Samsung and Harvard University have published new research that suggests it is possible to develop a brain-inspired memory chip.
In a perspective paper published in Nature Electronics, the researchers from the partnering organisations proposed that the brain's neuronal connection map could be copied using nanoelectrode array. They specified that the nanoelectrode array could be used to record the electrical signals produced by the large number of neurons found in the brain. The recordings could then be used to inform the neuronal map by indicating where neurons connect with one another and how strong the connections are, the researchers claimed.
Once copied, the neuronal map could then be pasted onto a high-density three-dimensional network of solid-state memory, such as commercial flash memory used in solid-state drives or resistive RAM.
Ultimately, the memory chip would contain traits of the brain, such as low power, facile learning, adaption to environment, autonomy, and cognition, the researchers said.

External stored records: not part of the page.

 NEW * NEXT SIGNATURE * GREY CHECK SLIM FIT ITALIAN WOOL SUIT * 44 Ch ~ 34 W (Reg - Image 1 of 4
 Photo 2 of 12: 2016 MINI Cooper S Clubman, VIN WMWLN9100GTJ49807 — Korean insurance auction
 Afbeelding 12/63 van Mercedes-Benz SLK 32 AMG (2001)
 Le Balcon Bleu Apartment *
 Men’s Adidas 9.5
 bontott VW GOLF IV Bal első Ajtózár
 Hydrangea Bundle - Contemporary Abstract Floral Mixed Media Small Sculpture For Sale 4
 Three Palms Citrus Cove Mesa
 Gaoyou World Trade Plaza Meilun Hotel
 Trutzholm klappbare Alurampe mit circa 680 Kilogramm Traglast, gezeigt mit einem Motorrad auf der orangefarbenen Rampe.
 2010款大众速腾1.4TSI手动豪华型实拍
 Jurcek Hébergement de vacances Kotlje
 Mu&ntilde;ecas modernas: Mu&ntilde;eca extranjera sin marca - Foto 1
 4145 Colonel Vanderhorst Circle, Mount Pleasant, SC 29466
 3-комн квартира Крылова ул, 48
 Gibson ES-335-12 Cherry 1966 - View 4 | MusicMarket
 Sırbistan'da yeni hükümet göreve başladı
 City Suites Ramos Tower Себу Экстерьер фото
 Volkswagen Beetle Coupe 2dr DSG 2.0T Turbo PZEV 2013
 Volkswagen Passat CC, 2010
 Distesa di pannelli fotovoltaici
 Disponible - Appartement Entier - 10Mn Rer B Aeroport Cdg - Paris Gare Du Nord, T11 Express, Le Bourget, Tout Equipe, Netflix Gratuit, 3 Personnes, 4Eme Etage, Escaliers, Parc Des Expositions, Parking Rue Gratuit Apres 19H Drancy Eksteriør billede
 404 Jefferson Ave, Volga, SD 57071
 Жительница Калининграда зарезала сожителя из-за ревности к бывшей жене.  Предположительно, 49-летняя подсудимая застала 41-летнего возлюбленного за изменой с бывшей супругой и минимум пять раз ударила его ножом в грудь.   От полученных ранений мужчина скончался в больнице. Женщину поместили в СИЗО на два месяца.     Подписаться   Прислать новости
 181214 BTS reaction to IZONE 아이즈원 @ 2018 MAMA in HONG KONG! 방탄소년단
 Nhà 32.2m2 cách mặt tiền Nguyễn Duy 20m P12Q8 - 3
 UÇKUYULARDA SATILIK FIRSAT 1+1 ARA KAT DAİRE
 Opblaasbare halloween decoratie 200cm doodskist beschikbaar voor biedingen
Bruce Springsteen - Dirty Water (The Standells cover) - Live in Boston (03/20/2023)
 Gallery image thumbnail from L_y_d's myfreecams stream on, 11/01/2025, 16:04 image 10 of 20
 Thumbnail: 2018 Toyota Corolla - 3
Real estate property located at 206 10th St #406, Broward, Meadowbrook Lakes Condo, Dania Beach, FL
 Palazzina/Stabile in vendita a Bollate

The paper also suggests one possible way to speed up pasting the neuronal map is by directly downloading the map onto a memory chip.
"The vision we present is highly ambitious," Samsung Advanced Institute of Technology fellow Donhee Ham. "But working toward such a heroic goal will push the boundaries of machine intelligence, neuroscience, and semiconductor technology."
Looking ahead, Samsung plans to continue its research into neuromorphic engineering as part of its development of AI semiconductors.
During the last quarter, the South Korean tech giant recorded its best operating profit in nearly three years, posting 63.67 trillion won in sales and 12.57 trillion won in operating income.
The company's semiconductor business contributed 6.93 trillion won in operating income, over half the total figure.
Market conditions improved in the memory market, which led to stronger-than-expected increase in average sales prices for both DRAM and NAND chips, Samsung said.